Before these videos emerged one of Romney's personas did come out of the closet. His name? Mexican Mitt. In a two-minute video Mexican Mitt casts himself as a member of the "Juan percent" out to be the first "Latino President" of the United States. Although Mexican Mitt raps about who he is and what he's all about he appears only in the form of a human shadow. This image suggests that the "Real Romney," Mexican or otherwise, is really the full manifestation of unmeasured and unseen identities in a society brimming with secrets. What's more, Romney's shadow implies that a space exists between lights and shadows, between fiction and reality, and between black and white.
To be sure, the media's focus on Romney's acts of passing is fascinating. And in some ways the accusations make Romney more like President Obama, who has also been accused of passing as an American, a Christian, and as a Harvard Law graduate. Obama is president but not necessarily considered American. Romney is American but not necessarily considered presidential.

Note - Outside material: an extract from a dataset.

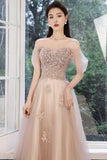 Stylish tulle sequins long prom dress evening dress HZ1023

In very different ways each politician is showing us how passing works as a form of identification within particular social networks. And Romney's passing is taking things a step beyond race and color -- including verbal and nonverbal symbols such as speech, clothing, hobbies, performances, Facebook posts, physical and social mobility, and many other symbolic exchanges that influence thought and behavior in the interests of identification and social action.

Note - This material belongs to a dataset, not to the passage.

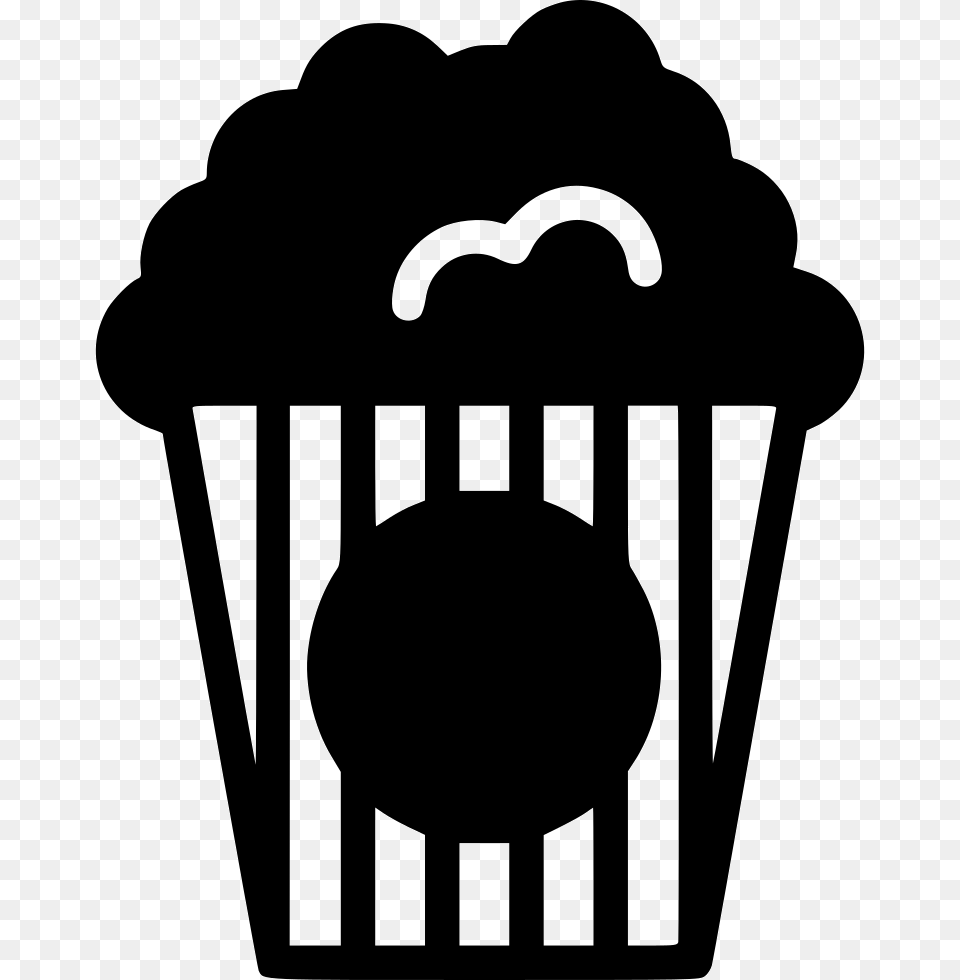 Popcorn, Stencil, Food, Dessert, Cupcake Free Png Download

Here's the takeaway. The "Real Mitt Romney," whoever he is and for however long he's with us, reveals that access to reality is sometimes based on fiction rather than fact. He also shows us that identities are understood best in terms of the stories we tell about who we are.
So, even if The Real Mitt Romney is a real life passer he isn't to be considered irrelevant. Rather, he presents a fresh look at passing that privileges different points of view at different points in time. Sometimes what passers say is most relevant, and sometimes it is not. Sometimes what passers' friends and families have to say is more revealing. Sometimes what courts, crowds, and critics say takes precedence. And sometimes what goes without saying says more than everything else.